Transmettre est une passion, j’aime vraiment cela. J’ai beaucoup de cavaliers qui viennent chez moi pour des stages et qui repartent avec un bagage. Je suis assez content de ma méthode car je n’ai pas à être sur le dos de mes élèves tous les jours pour qu’ils travaillent: ils ont un canevas sur lequel s’appuyer. Chaque stage me passionne, et ce, indépendamment du niveau des cavaliers. Je prends le temps de leur expliquer la mécanique du cheval pour qu’ils l’accompagnent au mieux en évitant les gestes parasites. Ma priorité est d’être cavalier et l’évolution de mes activités de coaching dépendra de celle de ma structure, car actuellement, je n’ai pas la capacité pour réaliser le suivi nécessaire.

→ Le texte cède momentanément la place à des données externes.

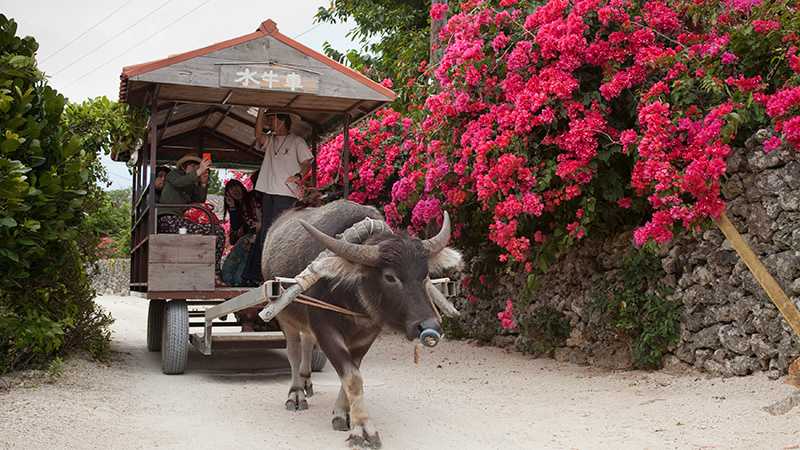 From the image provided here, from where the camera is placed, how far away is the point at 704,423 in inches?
193

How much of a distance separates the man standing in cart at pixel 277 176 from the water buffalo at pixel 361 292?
6.46ft

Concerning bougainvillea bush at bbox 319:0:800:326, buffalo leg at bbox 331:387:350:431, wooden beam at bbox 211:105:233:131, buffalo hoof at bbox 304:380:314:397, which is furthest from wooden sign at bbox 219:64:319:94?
buffalo leg at bbox 331:387:350:431

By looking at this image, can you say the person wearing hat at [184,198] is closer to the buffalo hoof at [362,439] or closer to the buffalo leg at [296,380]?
the buffalo leg at [296,380]

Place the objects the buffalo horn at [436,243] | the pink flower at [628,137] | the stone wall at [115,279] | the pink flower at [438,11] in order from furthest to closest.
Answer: the stone wall at [115,279] → the pink flower at [438,11] → the pink flower at [628,137] → the buffalo horn at [436,243]

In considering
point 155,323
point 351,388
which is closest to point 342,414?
point 351,388

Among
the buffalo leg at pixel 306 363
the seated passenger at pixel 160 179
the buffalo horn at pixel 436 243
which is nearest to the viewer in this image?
the buffalo horn at pixel 436 243

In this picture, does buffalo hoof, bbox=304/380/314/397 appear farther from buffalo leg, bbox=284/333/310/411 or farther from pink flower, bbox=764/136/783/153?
pink flower, bbox=764/136/783/153

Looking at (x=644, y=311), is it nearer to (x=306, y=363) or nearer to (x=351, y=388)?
(x=306, y=363)

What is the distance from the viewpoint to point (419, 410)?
5.68 meters

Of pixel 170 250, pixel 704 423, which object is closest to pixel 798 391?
pixel 704 423

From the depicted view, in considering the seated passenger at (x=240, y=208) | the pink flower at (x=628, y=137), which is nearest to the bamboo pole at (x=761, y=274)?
the pink flower at (x=628, y=137)

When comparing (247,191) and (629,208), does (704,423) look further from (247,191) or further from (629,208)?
(247,191)

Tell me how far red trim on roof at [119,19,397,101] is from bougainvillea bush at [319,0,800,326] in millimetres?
878

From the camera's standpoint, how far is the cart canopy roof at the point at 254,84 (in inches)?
263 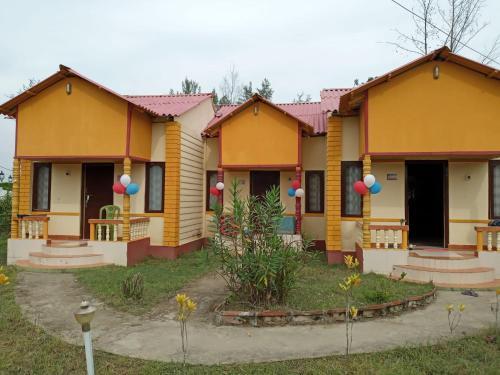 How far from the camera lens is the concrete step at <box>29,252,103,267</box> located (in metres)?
9.29

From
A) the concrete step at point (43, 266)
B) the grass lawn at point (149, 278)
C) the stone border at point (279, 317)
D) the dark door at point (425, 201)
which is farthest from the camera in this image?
the dark door at point (425, 201)

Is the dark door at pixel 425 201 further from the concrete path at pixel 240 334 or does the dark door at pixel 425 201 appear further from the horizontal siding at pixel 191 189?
the horizontal siding at pixel 191 189

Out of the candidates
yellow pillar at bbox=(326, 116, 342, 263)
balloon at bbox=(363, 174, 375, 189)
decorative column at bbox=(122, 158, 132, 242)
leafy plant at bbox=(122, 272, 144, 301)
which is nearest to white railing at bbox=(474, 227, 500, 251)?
balloon at bbox=(363, 174, 375, 189)

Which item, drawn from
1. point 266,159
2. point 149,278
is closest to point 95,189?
point 149,278

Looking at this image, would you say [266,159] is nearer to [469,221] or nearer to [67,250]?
[469,221]

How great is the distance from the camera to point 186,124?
38.6 ft

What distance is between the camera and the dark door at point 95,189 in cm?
1155

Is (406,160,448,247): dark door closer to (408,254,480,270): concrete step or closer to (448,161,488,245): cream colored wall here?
(448,161,488,245): cream colored wall

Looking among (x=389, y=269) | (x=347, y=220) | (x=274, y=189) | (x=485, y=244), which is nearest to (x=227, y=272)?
(x=274, y=189)

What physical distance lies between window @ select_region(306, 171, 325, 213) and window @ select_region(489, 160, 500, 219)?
4.60 metres

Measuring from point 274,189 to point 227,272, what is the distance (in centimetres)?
157

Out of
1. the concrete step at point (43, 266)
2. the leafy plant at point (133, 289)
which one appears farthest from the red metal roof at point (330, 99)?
the concrete step at point (43, 266)

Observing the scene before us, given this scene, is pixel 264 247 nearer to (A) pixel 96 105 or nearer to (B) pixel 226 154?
(B) pixel 226 154

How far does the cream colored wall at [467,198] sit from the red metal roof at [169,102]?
8079 millimetres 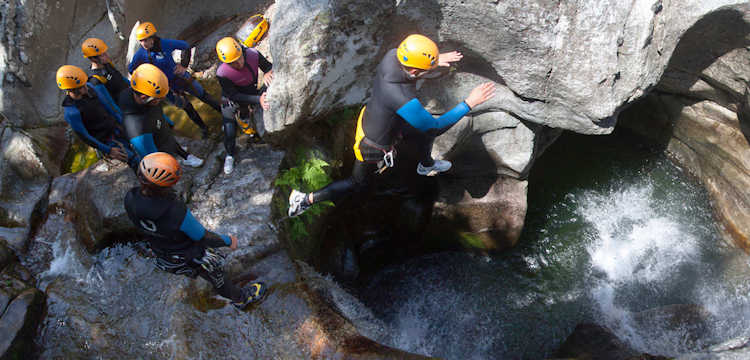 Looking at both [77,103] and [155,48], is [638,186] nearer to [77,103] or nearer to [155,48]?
[155,48]

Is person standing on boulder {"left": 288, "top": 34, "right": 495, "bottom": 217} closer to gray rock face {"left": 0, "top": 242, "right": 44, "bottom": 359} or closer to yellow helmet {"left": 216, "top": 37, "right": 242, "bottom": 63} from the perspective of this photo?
yellow helmet {"left": 216, "top": 37, "right": 242, "bottom": 63}

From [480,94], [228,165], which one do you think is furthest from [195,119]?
[480,94]

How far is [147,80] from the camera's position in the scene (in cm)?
496

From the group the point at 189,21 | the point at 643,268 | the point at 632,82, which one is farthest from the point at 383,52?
the point at 643,268

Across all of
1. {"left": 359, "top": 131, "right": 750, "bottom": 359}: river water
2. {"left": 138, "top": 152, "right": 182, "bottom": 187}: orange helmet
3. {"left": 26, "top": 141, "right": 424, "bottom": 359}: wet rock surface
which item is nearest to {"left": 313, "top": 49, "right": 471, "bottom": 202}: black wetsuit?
{"left": 26, "top": 141, "right": 424, "bottom": 359}: wet rock surface

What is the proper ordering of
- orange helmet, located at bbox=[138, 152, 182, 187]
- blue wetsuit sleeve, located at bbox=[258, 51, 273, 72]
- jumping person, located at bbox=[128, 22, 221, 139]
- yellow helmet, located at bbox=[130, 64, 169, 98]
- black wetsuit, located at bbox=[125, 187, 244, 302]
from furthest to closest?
jumping person, located at bbox=[128, 22, 221, 139], blue wetsuit sleeve, located at bbox=[258, 51, 273, 72], yellow helmet, located at bbox=[130, 64, 169, 98], black wetsuit, located at bbox=[125, 187, 244, 302], orange helmet, located at bbox=[138, 152, 182, 187]

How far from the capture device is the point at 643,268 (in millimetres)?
8156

Les Jeux de Paris 2024 sont-ils dans votre ligne de mire?
C’est difficile à dire. Je les ai en ligne de mire depuis si longtemps… Je suis motivé depuis tout petit et je me souviens d’Hubert Parot, un ami de mes parents, lorsqu’il est rentré de Montréal. J’avais huit ans, c’était en 1976. Dès lors, j’ai tout fait pour être prêt pour les Jeux olympiques de 2000, à Sydney. La suite de l’histoire, on la connaît, je n’ai pas pu y aller mais mon cheval si (Caucalis lui avait été retiré avant l’échéance, ndlr). Depuis, je traîne ce boulet donc je garde espoir mais n’arrive pas à être au niveau. Je n’ai pas du tout l’objectif d’être à Paris, même si Utopie le mériterait. Me concernant, je ne préfère ne rien dire car pour Paris c’est trop tard. Cependant, j’espère être prêt pour Los Angeles. Viser 2028, avec les chevaux que j’ai au travail, me donne bon espoir d’aller jusqu’au bout. Je ne sais pas si tous les cavaliers savent déjà où auront lieu ces Jeux mais moi oui (rires)! Chavez pour 2028? Je veux y croire!
Le sélectionneur de l’équipe de France de saut d’obstacles, Thierry Pomel, a annoncé sa démission en décembre dernier. Quelle a été votre réaction?
J’ai eu du bon temps avec tous les sélectionneurs, surtout avec Thierry Pomel, car il m’a coaché avant d’être sélectionné. Pendant toute la période durant laquelle il a été sélectionneur, il n’y a eu aucun souci. Quand on voit ce qui s’est passé aux Jeux, l’équipe était à deux doigts de décrocher une médaille… Il se trouve qu’un cheval a connu des difficultés, mais les médailles, on les gagne quand tous les chevaux font le job jusqu’au bout. Concernant les Hommes qu’il y a dessus, c’est autre chose. Nous sommes un grand pays d’équitation et pour aller chercher des médailles il nous faut des chevaux. Il faudrait arriver à restructurer notre sport et heureusement beaucoup de cavaliers travaillent en ce sens. Il faut attendre un peu que les jeunes chevaux soient en âge de prendre la relève. Concernant la succession de Thierry Pomel, je n’en ai aucune idée.
En 2022 se tiendra l’élection présidentielle. Vous intéressez-vous à la politique?
J’en parle un peu avec mes proches. Depuis un certain temps, la politique, c’est toujours la même chose: voter contre celui qu’on ne veut pas et se retrouver avec celui dont on ne veut pas non plus. Je suis pour le comptage des votes blancs car cela permettrait de se rendre compte du réel soutien à un candidat. Hélas, cela n’existe pas. À chaque élection on se dit que nous ne pourrons pas avoir pire et pourtant, c’est le cas. Sur les questions politiques je vous laisse avec la phrase de Coluche: “Je ne suis ni pour ni contre, bien au contraire!”.